Background: Central statistical monitoring in multicenter trials could allow trialists to identify centers with problematic data or conduct and intervene while the trial is still ongoing. Currently, there are few published models that can be used for this purpose.
Purpose: To develop and validate a series of risk scores to identify fabricated data within a multicenter trial, to be used in central statistical monitoring.
Methods: We used a database from a multicenter trial in which data from 9 of 109 centers were documented to be fabricated. These data were used to build a series of risk scores to predict fraud at centers. All analyses were performed at the level of the center. Exploratory factor analysis was used to select from 52 possible predictors, chosen from a variety of previously published methods. The final models were selected from a total of 18 independent predictors, based on the factors identified. These models were converted to risk scores for each center.

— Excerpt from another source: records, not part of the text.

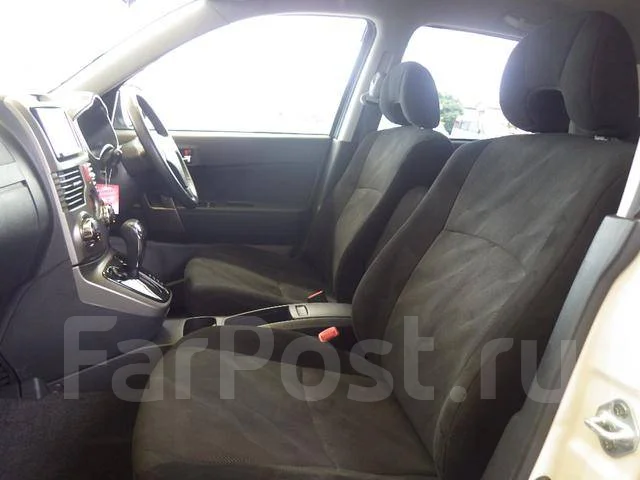 Daihatsu Be-Go. �������, 4wd, 1.5 (109��.�.), ������, 58 000����. ��, �/�. ��� ����� �� ������������ ����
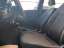 Ford Fiesta 1.Hand, Navi, LED-Scheinwerfer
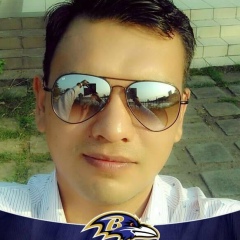 ThitSar Win, 28.03.1986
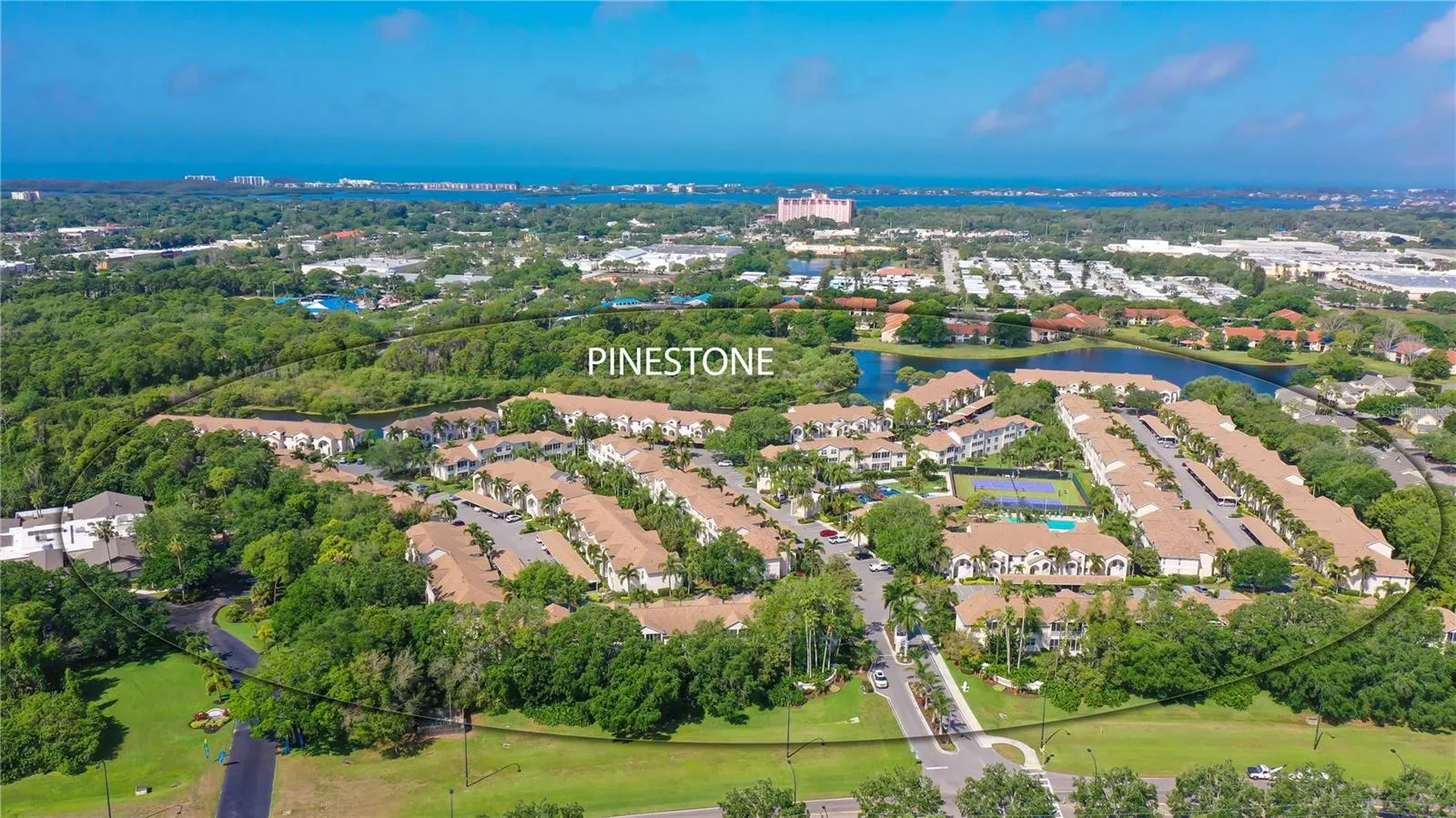 4235 CASTLEBRIDGE LN #1210, #1210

Results: Five different risk scores were identified, and each had the ability to discriminate well between centers with and without fabricated data (area under the curve values ranged from 0.90 to 0.95). True- and false-positive rates are presented for each risk score to arrive at a recommended cutoff of seven or above (high risk score). We validated these risk scores, using an independent multicenter trial database that contained no data fabrication and found the occurrence of false-positive high scores to be low and comparable to the model-building data set.

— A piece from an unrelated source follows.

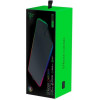 Килимок RAZER Strider CHROMA, black (RZ02-04490100-R3M1) Купити в Україні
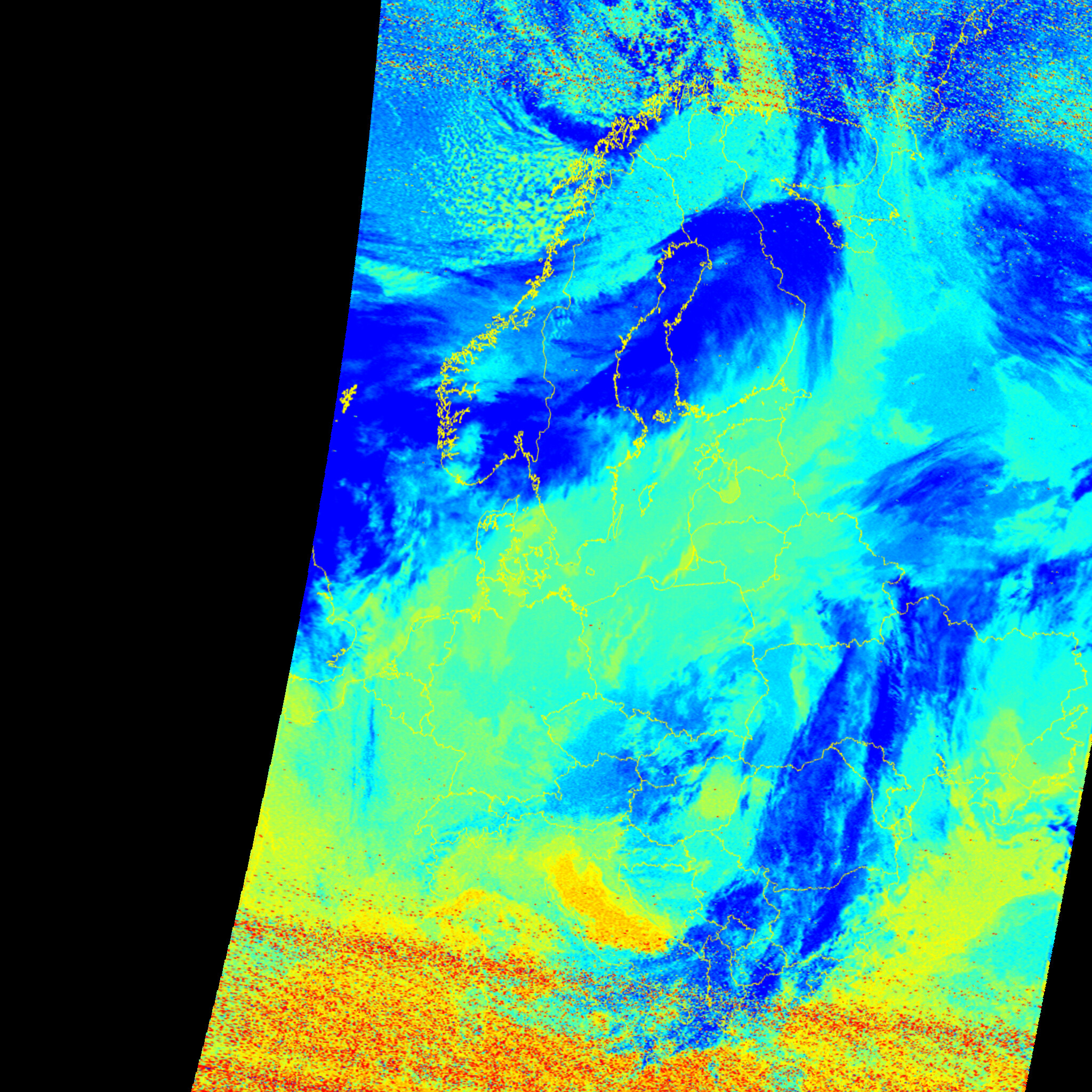 NOAA 19-20241129-084805-Thermal_Channel_projected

Limitations: These risk score have been validated only for their false-positive rate and require validation within another trial that contains centers that have fabricated data. Validation in noncardiovascular trials is also required to gage the usefulness of these risk scores in central statistical monitoring.
Conclusions: With further validation, these risk scores could become part of a series of tools that provide evidence-based central statistical monitoring, which in turn can improve the efficiency of trials, and minimize the need for more expensive on-site monitoring.